> The problem:
Extract only the lines from the start of the entries below to the line with "2020 Honda City", inclusive; omit every picture.

Scraped caption text data:
+++
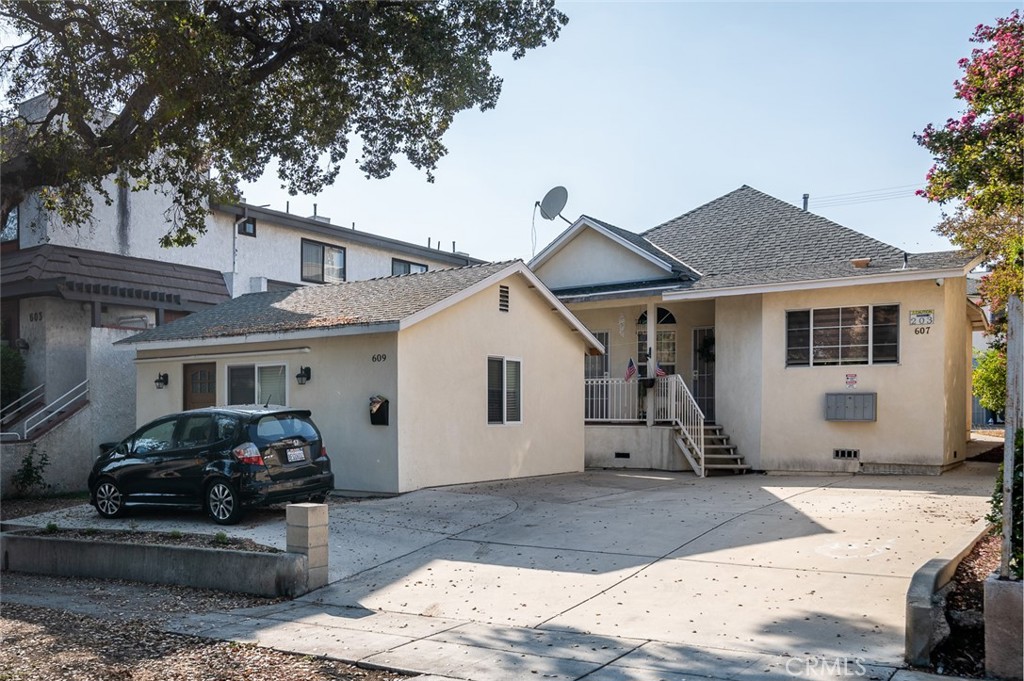 607 E Olive Avenue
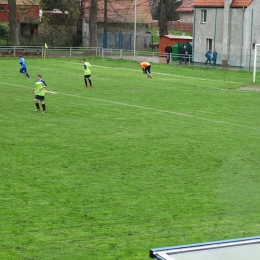 LTS LEŚNA-UKS PIEŃSK 4-3 (TRAMPKARZ)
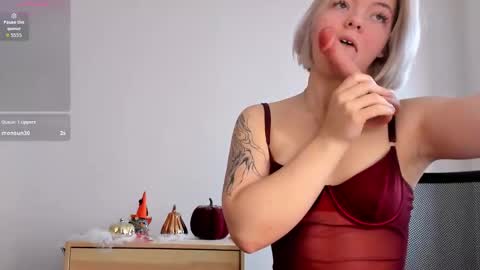 My name is Melina online show from October 16, 3:50 am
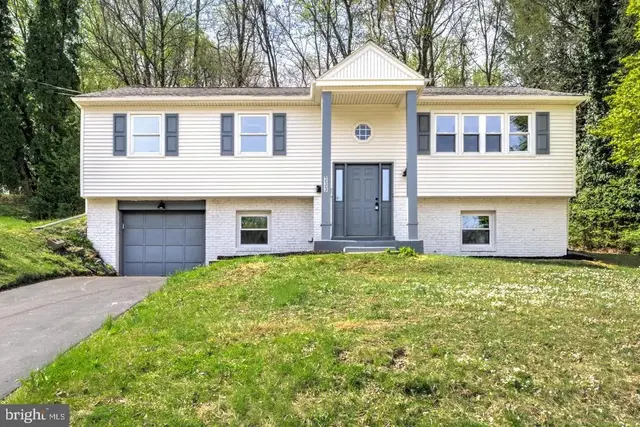 333 Golf Hills Rd, Havertown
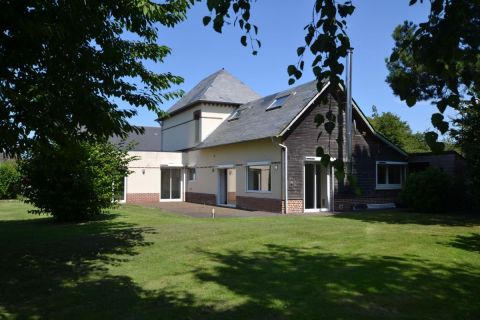 A vendre LONGèRE  8 PIECES 147 M2 BORD DE MER QUIBERVILLE
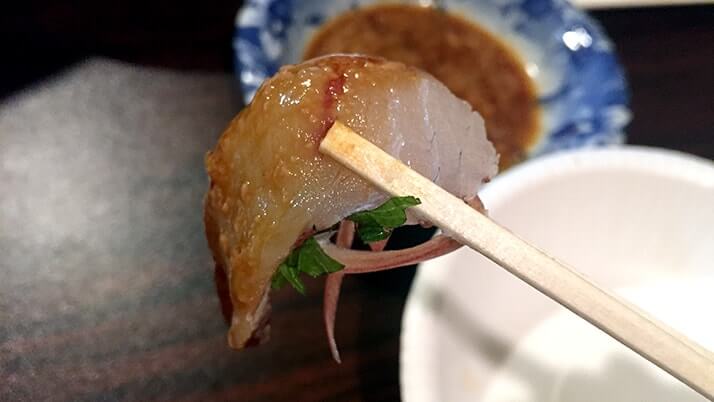釣った特大ヒラメをさばく!刺身と寿司にして肝醤油で堪能 釣った特大ヒラメをさばく!刺身と寿司にして肝醤油で堪能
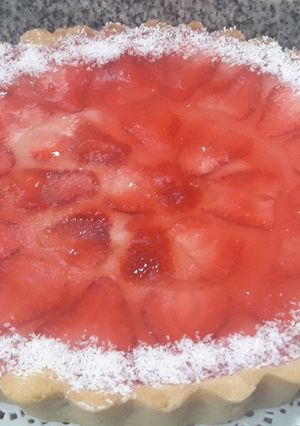 Una foto de Tarta de frutillas y gelatina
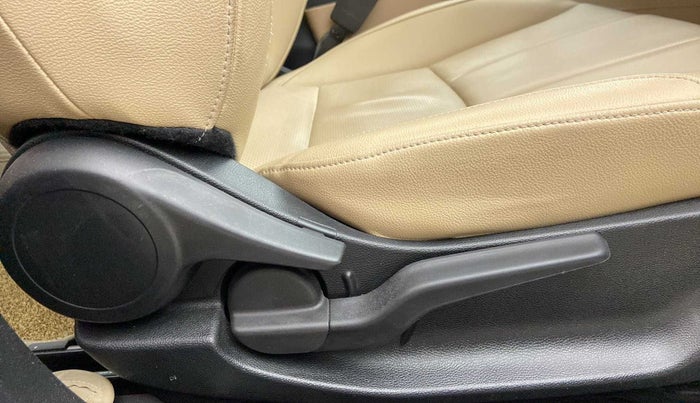 2020 Honda City 1.5L I-VTEC ZX, Petrol, Manual, 45,296 km, Driver Side Adjustment Panel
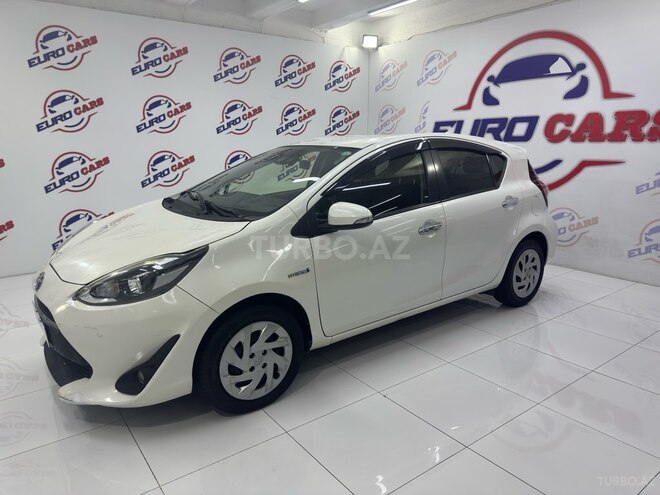 Toyota Aqua-9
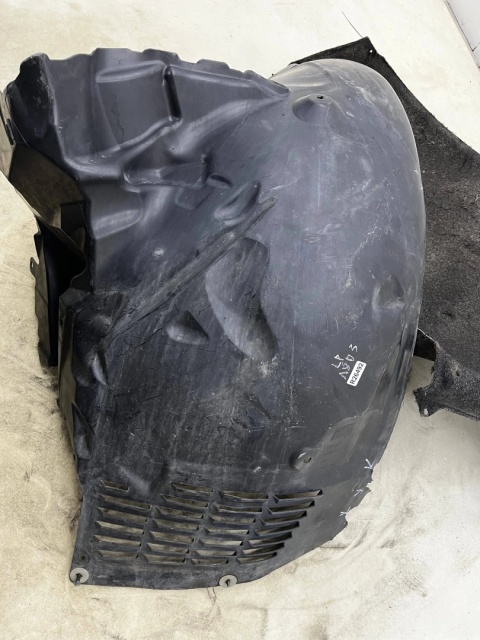 Nadkole Audi A8 D3 02-10r. lewe przednie oryginalne kompletne lewy przód 4e0821171k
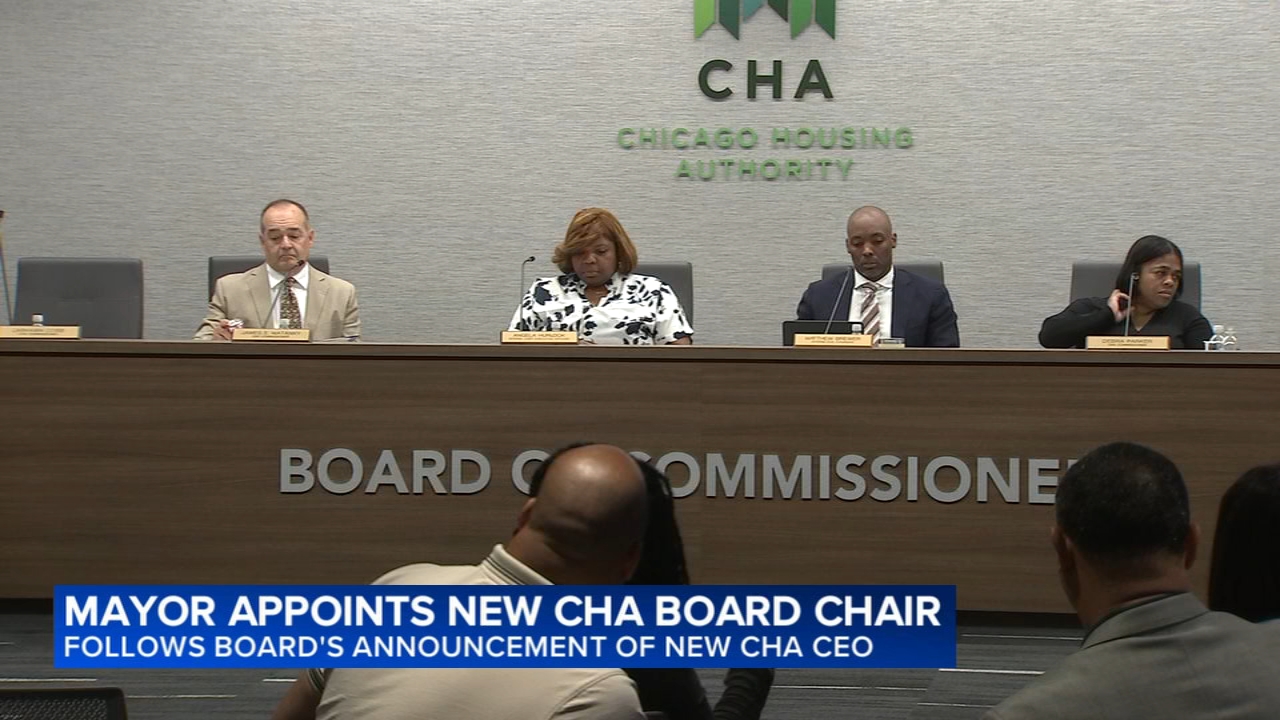Mayor Johnson replaces Chicago Housing Authority board chair after ...
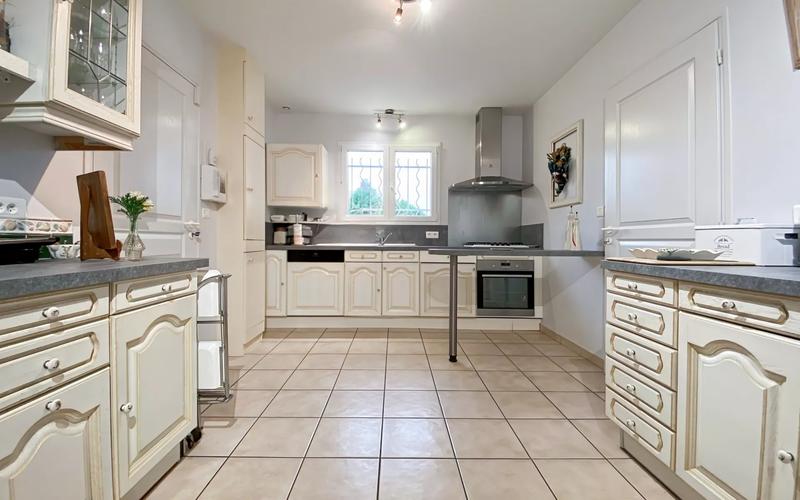 Propriété - 210 m² - 10 pièces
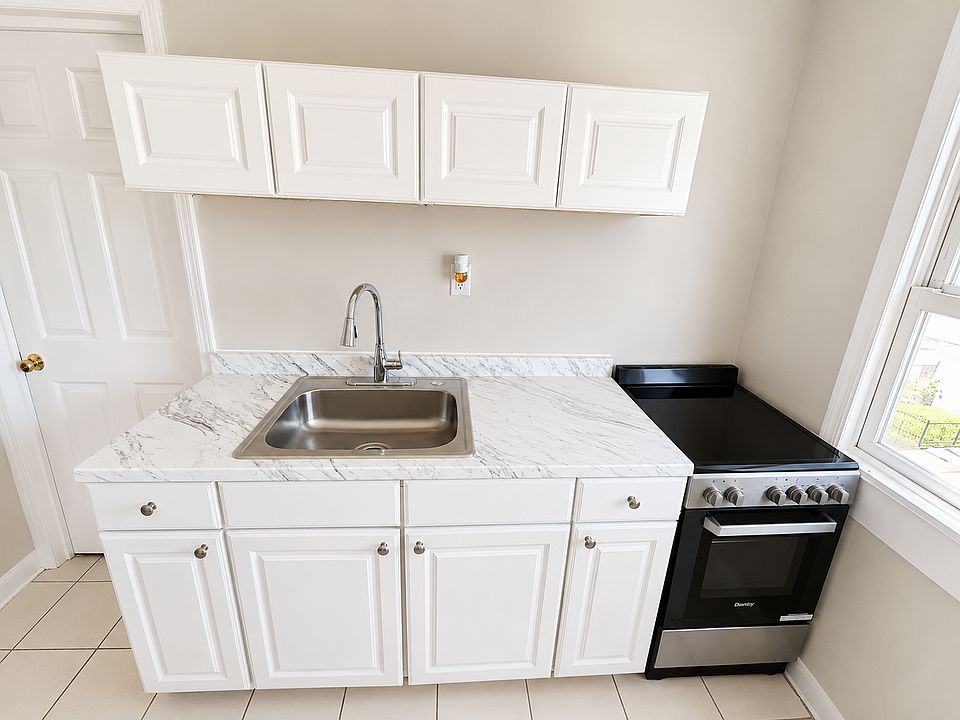 1st image of 320-322 Kerrigan Blvd #3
+++
> Task solution:
 607 E Olive Avenue
 LTS LEŚNA-UKS PIEŃSK 4-3 (TRAMPKARZ)
 My name is Melina online show from October 16, 3:50 am
 333 Golf Hills Rd, Havertown
 A vendre LONGèRE  8 PIECES 147 M2 BORD DE MER QUIBERVILLE
釣った特大ヒラメをさばく!刺身と寿司にして肝醤油で堪能 釣った特大ヒラメをさばく!刺身と寿司にして肝醤油で堪能
 Una foto de Tarta de frutillas y gelatina
 2020 Honda City 1.5L I-VTEC ZX, Petrol, Manual, 45,296 km, Driver Side Adjustment Panel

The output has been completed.